Meta will now allow US government agencies and contractors to use its open source Llama AI model for “national security applications”. In an announcement Mondaythe company said it was working with Amazon, Microsoft, IBM, Lockheed Martin, Oracle and others to make Llama available to the government.
Below Meta’s “Acceptable Use Policy” people cannot use the latest Llama 3 model for “military, war, nuclear industries or applications, espionage”. However, as Meta explains, this update opens the door for the US military to use Llama to do things like “streamline complicated logistics and planning, track terrorist financing, or strengthen our cyber defenses.”
Meta says Oracle has already started relying on Llama to “summarize” maintenance documents to help aircraft technicians perform repairs, while Lockheed Martin uses the model to generate code and analyze data. The company hinted that it would make its AI model available to the government during the third quarter earnings conference call.

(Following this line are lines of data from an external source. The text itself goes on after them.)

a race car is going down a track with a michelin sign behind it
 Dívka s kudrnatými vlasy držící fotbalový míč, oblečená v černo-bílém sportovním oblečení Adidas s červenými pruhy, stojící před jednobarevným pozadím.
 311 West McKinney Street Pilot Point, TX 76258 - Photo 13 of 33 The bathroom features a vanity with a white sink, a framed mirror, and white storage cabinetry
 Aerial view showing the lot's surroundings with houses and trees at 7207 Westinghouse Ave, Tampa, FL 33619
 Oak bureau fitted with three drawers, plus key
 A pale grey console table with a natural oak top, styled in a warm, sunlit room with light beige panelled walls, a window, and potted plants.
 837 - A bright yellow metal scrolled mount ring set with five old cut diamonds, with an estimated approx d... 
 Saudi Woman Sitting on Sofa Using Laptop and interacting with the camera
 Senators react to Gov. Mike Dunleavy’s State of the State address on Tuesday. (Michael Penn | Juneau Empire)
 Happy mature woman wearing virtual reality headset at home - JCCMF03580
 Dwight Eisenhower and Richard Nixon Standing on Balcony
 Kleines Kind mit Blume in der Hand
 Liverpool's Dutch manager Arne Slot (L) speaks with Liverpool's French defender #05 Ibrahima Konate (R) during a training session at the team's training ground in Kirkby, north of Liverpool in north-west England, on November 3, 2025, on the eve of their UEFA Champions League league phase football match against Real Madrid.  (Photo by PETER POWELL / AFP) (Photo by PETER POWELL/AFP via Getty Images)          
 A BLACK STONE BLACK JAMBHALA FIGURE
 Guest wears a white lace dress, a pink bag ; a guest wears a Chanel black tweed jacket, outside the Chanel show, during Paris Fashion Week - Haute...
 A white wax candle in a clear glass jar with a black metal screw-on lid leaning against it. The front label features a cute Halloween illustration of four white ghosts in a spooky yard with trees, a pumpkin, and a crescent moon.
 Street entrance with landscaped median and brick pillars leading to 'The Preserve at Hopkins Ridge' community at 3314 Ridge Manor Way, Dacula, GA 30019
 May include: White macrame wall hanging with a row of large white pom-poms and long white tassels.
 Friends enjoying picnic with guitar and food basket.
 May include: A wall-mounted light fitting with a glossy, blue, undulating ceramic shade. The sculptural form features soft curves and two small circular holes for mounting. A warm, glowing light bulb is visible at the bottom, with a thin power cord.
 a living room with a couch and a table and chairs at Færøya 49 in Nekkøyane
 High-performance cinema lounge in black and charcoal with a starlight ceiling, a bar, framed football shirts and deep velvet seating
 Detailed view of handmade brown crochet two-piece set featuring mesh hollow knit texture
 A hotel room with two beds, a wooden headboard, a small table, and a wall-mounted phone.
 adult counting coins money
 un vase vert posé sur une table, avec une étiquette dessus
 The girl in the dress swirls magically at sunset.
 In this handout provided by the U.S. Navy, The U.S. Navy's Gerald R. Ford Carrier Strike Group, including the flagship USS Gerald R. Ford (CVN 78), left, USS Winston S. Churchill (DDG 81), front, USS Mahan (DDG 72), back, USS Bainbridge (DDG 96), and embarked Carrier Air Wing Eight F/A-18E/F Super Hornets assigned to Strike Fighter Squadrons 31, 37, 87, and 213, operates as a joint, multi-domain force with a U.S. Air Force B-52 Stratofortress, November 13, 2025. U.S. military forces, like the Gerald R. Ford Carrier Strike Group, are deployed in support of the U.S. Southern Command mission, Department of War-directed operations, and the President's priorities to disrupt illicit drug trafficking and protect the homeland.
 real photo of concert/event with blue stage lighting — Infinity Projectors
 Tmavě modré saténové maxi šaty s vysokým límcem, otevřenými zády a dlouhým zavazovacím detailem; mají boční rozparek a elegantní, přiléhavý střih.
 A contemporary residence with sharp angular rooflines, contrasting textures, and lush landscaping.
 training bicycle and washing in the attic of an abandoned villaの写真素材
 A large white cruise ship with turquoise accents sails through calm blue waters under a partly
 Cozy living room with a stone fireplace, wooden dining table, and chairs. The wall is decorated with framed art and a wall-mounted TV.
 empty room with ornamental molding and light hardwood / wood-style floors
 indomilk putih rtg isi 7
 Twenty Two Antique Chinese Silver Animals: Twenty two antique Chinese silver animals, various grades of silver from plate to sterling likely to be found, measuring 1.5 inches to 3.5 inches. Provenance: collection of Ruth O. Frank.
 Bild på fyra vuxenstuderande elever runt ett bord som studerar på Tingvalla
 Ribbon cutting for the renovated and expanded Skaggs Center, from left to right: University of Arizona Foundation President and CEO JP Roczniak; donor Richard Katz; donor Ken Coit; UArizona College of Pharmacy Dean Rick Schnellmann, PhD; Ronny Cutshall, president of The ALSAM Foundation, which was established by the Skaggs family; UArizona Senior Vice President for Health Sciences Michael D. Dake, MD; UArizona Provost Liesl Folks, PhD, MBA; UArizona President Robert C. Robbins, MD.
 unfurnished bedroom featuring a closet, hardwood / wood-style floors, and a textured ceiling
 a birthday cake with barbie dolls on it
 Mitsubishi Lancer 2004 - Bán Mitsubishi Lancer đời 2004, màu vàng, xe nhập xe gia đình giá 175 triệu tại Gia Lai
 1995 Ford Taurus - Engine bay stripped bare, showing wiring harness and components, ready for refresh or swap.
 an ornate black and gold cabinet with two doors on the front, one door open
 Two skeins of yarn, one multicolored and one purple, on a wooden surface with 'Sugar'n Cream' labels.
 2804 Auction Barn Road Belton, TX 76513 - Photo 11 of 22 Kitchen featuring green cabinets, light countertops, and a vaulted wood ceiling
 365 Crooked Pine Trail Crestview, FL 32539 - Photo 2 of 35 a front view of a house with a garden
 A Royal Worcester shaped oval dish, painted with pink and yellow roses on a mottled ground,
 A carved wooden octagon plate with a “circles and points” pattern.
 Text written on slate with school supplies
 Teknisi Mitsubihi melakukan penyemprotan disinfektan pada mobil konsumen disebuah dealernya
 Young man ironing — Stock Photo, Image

Last week, a report of Reuters revealed that Chinese researchers used Meta’s Llama 2 model to build an AI system for the country’s military. At the time, a Meta spokesperson said Reuters that “the alleged role of a single, outdated version of an open source American model is irrelevant when we know that China is already investing more than a trillion dollars to surpass the United States in AI” .
In his article, Meta outlined the importance of the United States getting ahead of the AI race, saying it is “in the best interests of America and the broader democratic world that American open source models excel and succeed compared to models from China and elsewhere.” Other AI companies are also getting involved with the military, with a report of The interception revealing that US Africa Command purchased cloud computing services from Microsoft, providing access to OpenAI tools. Google DeepMind also has a cloud computing contract with the Israeli government.